Hate Eternal - Total Destruction
It was at the last moment that we were able to arrange a guestlist for this very heavy evening, but the almighty Sledgehammer Messiah and me still decided to go and see this show. Unfortunately we missed the opening act of which I also forgot the name. I thought it was something with the word ‘shadow’ in it and I know they were from Poland. Too bad, but there were still two other very heavy acts to come.
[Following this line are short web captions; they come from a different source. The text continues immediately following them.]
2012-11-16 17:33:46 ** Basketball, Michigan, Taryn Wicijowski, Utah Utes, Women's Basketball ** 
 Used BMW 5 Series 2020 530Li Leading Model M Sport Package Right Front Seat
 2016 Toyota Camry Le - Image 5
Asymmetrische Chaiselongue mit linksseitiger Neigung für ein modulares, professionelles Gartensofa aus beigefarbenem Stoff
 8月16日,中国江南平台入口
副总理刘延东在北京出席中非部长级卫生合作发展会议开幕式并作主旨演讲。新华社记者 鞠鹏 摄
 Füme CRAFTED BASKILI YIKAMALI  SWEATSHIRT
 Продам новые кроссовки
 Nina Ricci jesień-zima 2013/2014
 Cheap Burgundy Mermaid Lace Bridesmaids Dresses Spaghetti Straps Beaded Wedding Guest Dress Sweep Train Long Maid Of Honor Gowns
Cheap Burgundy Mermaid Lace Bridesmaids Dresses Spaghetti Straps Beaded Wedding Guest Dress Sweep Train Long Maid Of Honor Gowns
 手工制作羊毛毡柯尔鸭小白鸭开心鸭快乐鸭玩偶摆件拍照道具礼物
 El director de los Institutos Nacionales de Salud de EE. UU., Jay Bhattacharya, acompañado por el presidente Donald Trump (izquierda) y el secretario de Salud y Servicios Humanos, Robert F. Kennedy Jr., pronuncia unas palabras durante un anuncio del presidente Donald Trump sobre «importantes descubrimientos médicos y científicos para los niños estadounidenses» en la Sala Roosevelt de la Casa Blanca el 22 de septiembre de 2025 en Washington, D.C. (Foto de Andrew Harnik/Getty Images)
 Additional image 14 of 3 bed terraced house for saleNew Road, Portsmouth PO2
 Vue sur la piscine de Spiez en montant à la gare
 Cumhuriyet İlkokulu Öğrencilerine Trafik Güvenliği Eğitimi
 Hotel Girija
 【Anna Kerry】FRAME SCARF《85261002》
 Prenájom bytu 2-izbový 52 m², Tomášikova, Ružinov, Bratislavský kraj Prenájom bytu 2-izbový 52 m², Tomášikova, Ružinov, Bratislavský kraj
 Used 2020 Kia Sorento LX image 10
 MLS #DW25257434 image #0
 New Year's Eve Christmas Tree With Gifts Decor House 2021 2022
So the first band we saw was Spawn Of Possession. This was actually the very first death metal band I ever saw, and back then they already made a good impression on me. I saw them some time later at some festival in 013, but I didn’t see too much of it then. So I was quite curious on how this show would be. Well, in short, extremely high technical death metal that was played on extreme tempo’s for most of the show is what these Scandinavians put up. If you didn’t pay attention for three seconds you would miss like twenty guitar and drums strikes. It was all played fairly tight and the vocalist made sure there was some enthusiasm on stage as well. In the end we were completely overwhelmed with death metal riffs, blastbeats and grunts and thus more than warmed up for the mayhem yet to come
Review by DemonDust
When Hate Eternal entered the stage you could immediately see the charisma of these guys. The respect for them grows almost to absurd heights when you see them perform live. They gave a show which absolutely approaches the essence of aggressiveness and hate; you really feel the adrenaline pumping through your veins and it’s remarkable that this endures the entire show. The drummer, Reno Kiilerich for this European tour, plays a major part in this. He just keeps throwing those blastbeats out of his body and striking the bass drums; and this extremely tight without losing any of the enormous power he puts in his hits. The vocals of Erik Rutan and Randy Piro work out fantastic and especially in a song like ‘Behold Judas’ they are extremely well combined. Between the songs there where regularly atmospheric samples on tape played, which gave the band a moment to restore their strength and tune the guitars and gave the audience a pleasant pause before getting the hate spit out over them again. It’s a positive point that they perform in a three piece, because in this way the great solos can be excellent heard and a second guitarist isn’t missed a moment. This amazing show ends with one of my favorites: ‘The King of all Kings’. Erik and Randy really should sing the chorus of this song simultaneously because then it would even blow you further away. With this small occurrence the only negative point passed by in an extremely stunning and hateful gig.